The area's highest passes, Molas and Red Mountain, are above 10,000 feet, whereby U.S. 550 threads its way 43 miles between Durango and Ouray.
The last 23 miles of this road, north of the historic mining town of Silverton, is the so-called Million Dollar Highway, built according to legend with gold- and silver-laced tailings.
It is this daunting route that challenges cyclists the third week in September during a three-day tour of the San Juans, with overnight stops at the resort towns of Ouray and Telluride.
For the fat-tire devotee, there is the Pagosa Springs Mountain Bike Race, or the Telluride Mountain Bike Classic. Both events are held in mid-September, as is Telluride's Hang Gliding Festival whereby onlookers thrill to aerial acrobatics. Silverton hosts the Deer Park Hill Climb, a mountain run of 3,000 vertical feet over four miles.
Less exhausting: Durango's Western Arts and Film Festival, held the second week in October.
While Colorfest is a nice touch, you needn't structure your tour around it.

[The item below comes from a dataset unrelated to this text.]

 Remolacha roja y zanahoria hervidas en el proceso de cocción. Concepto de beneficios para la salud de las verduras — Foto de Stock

The splash of autumn color across the San Juan Range can be reward enough.
An option for those with time to spare is a 175-mile loop drive, angling north from Durango by way of Silverton, Ouray and Ridgway, thence west across the Dallas Divide (with sweeping views of the San Juan Mountains) to the junction with State 145 at Placerville.

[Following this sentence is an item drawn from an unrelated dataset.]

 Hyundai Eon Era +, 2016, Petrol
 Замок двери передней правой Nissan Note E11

Turning south at Placerville on Colorado 145, you follow the San Miguel River to Telluride, crossing Lizard Head Pass at 10,122 feet. Beyond the pass the highway makes its descent through strands of spruce and aspen to the canyon of the Delores River. Return to Durango by way of Delores and Mancos.
It is much the same route followed by the old Rio Grande Southern narrow gauge railroad. Remnants of the roadbed are yet visible along precipitous mountains and in the depths of forbidding canyons.
From 1931-50 the Galloping Goose, half-train, half-car, plied this line, hauling both passengers and freight. The ride over Lizard Head Pass was described by one passenger as akin to going over Niagara Falls in a barrel. One of these hybrid contraptions can be seen in Telluride, another at Delores.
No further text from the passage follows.